The prison also has a law library. Although a number of
women have pending appeals or other ongoing legal proceedings,
they are completely barred from the law library.
New Jersey State Prison has a school complete with classrooms,
teachers, and teaching materials. The women prisoners are
completely barred from this school.
The women aren’t allowed into the main prison yard, but are sent
to exercise in a tiny patch of grass and concrete below the main
yard.
Women aren’t even provided the supplies necessary to take care
of their bodies. The prison provides insufficient sanitary
napkins and toilet paper.
New Jersey State Prison has no programs to help women stay in
contact with their children.
Other inequalities and humiliations abound ...
The broader context:
The abuses these women are suffering are happening because New
Jersey is putting too many women in prison for too long, and
because the Department of Corrections does not have a coherent
plan for the women’s prison population.
New Jersey’s prison population has grown by over 700% in the
last three decades. Nationally, women are the
fastest-growing segment of the prison population, even though
only a third of women in prison committed violent crimes.
Another third are imprisoned, often for years, for drug
offenses.
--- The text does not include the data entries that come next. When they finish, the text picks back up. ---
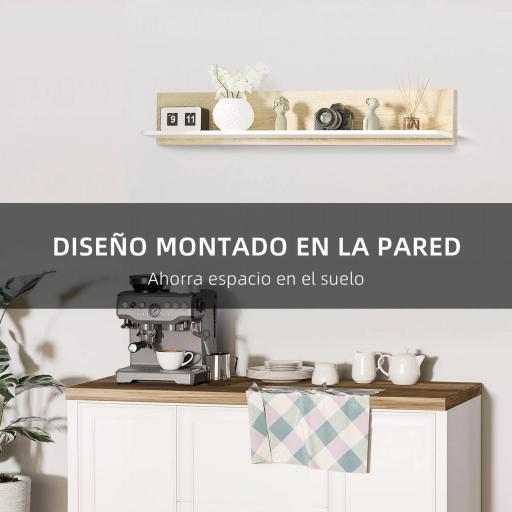 Estante Flotante de Madera Balda de Pared para Salón Dormitorio Pasillo Cocina Baño 120x15x20 cm Roble y Blanco [2]
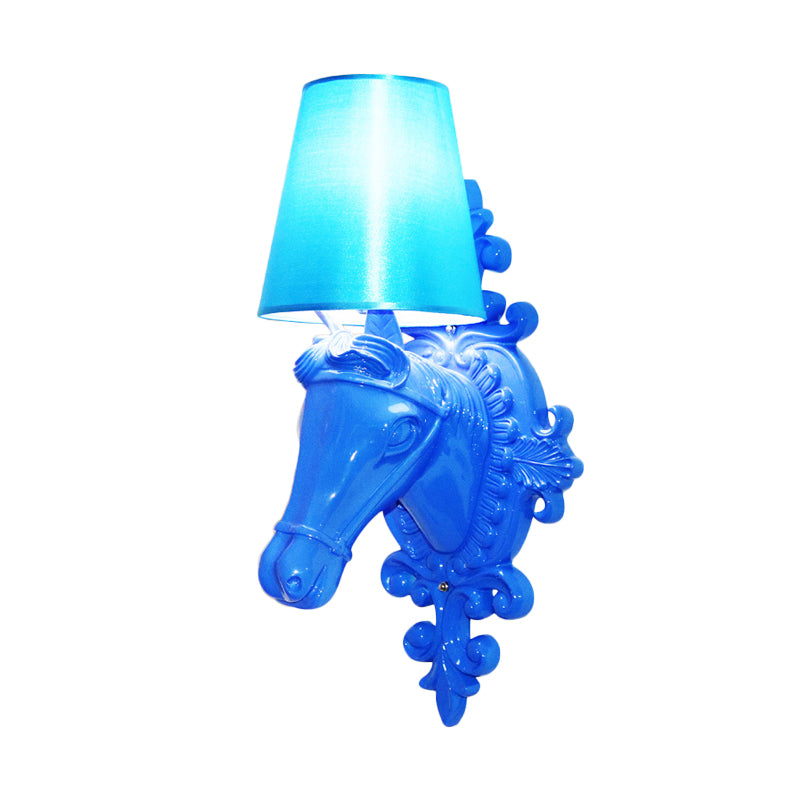 Fabric Red/Yellow/Orange Sconce Lamp Horse Head 1-Light Traditional Wall Mounted Lighting for Indoor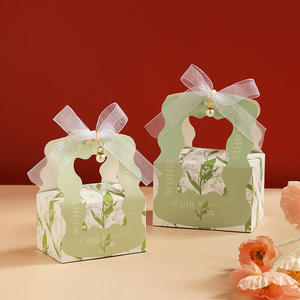 High-end Wedding Favor Gift <b>Box</b> Recycled Materials Rigid Folding <b>Box</b> with Matt Lamination Fresh Style Candy Packaging - Product Image 3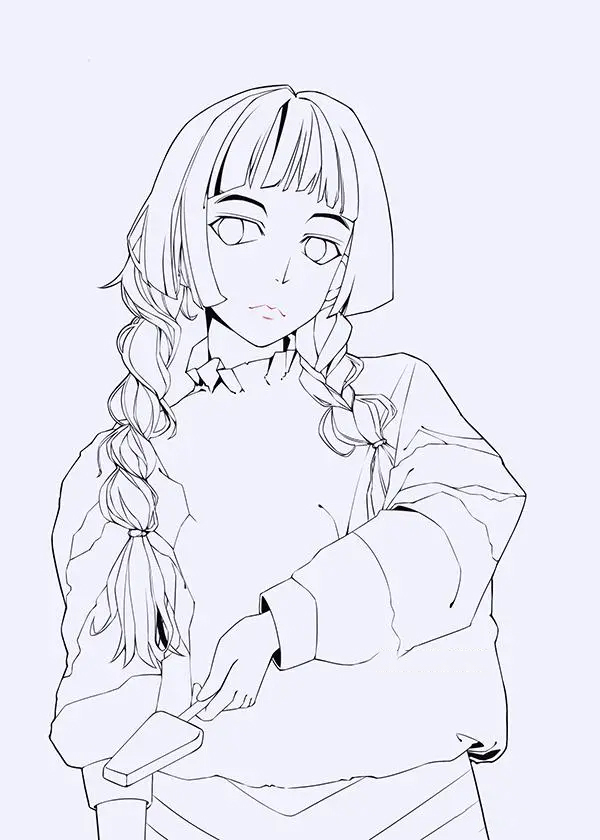 板绘日系清新卡通少女人像插画截图2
Imprisonment hurts these women without helping
keep New Jersey safe.
Women who don’t really need to be in prison should be placed in
appropriate rehabilitation placements and programs instead.
Doing this would bring the women’s prison population down to a
manageable level, allowing the Department of Corrections to
fulfill its public duties to provide for public safety and
rehabilitate prisoners.
Our position:
We demand that the Department of Corrections abandon its policy
of involuntarily transferring women prisoners, many of whom are
classified as medium-security and have excellent disciplinary
records, to a giant (1,800 inmate) men’s prison described by
both its warden and the American Correctional Association as a
“supermax” prison.
We demand that, for those women who wish to remain in the prison
to be nearer to their families, conditions be drastically
improved and made equal to those of the male prisoners.
We demand that the Department of Corrections present the New
Jersey public with a plan for (1) reducing the needless
incarceration of women, and (2) providing human conditions and
rehabilitative opportunities to women in prison, in accordance
with the Department’s legal and moral duty.